Viewed Sideways: Writings on Culture and Style in Contemporary Japan
By Donald Richie (Berkeley, Calif.: Stone Bridge Press, 2011, 264 pp., $16.95, paperback)
It is difficult to find the balance in talking and writing about a foreign culture without generalizing or, worse yet, affirming stereotypes. Asia, for its exotic allure, is often thus easily dismissed in pithy descriptions perpetuated from the days before the Great War. Yet Donald Richie, having spent more than half of his life in Japan, writies about the country with clarity and simplicity without falling into the pitfalls of dismissing it as a land of “paradoxes.”
Richie discusses a full spectrum of Japanese culture. While he is noted for his work and thoughts on Japanese cinema, Richie does not shy away from delving into the conundrum of defining beauty according to Japanese aesthetics while citing the Japanese dating simulation, “Tokimeki Memorial,” or from plowing into the nation’s extensive sex club culture. At the same time, he writes on his observations in admiring Japan’s high traditional arts, such as noh drama or its calligraphy. And of course, he discusses his thoughts on film and television.

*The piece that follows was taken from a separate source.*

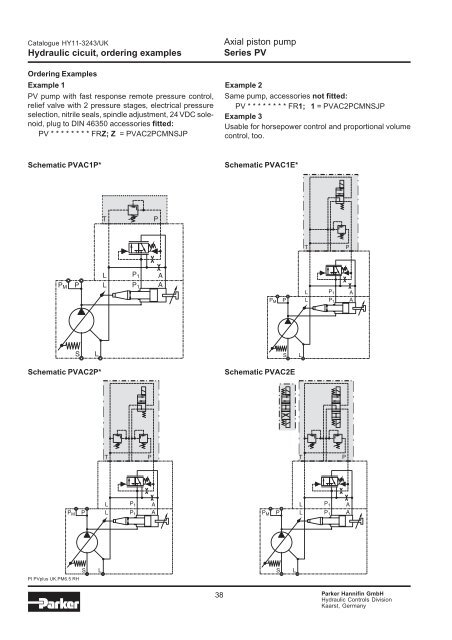 Axial Piston Pump Series PV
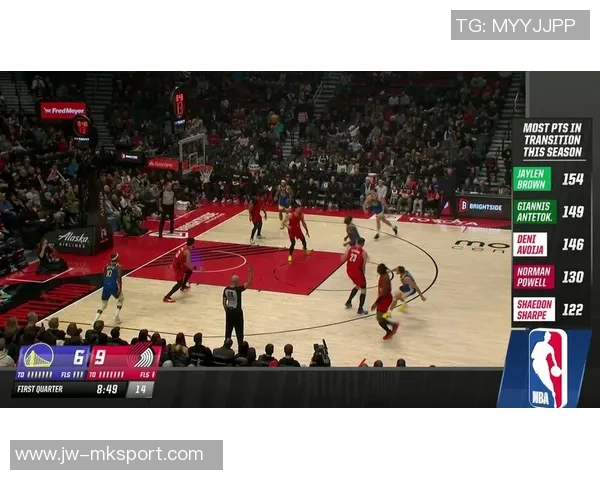 2021年NBA勇士与开拓者精彩对决中文回放全程回顾与分析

Overall intricate, the collection of essays range from those written in the ‘60s to those written in the last few years, yet all of them remain relevant today. The older essay on signs and symbols signified by calligraphy styles, written in 1974, still remains relevant and relatable, as does his observations made out of his apartment window on his changing neighborhood, written in 2006.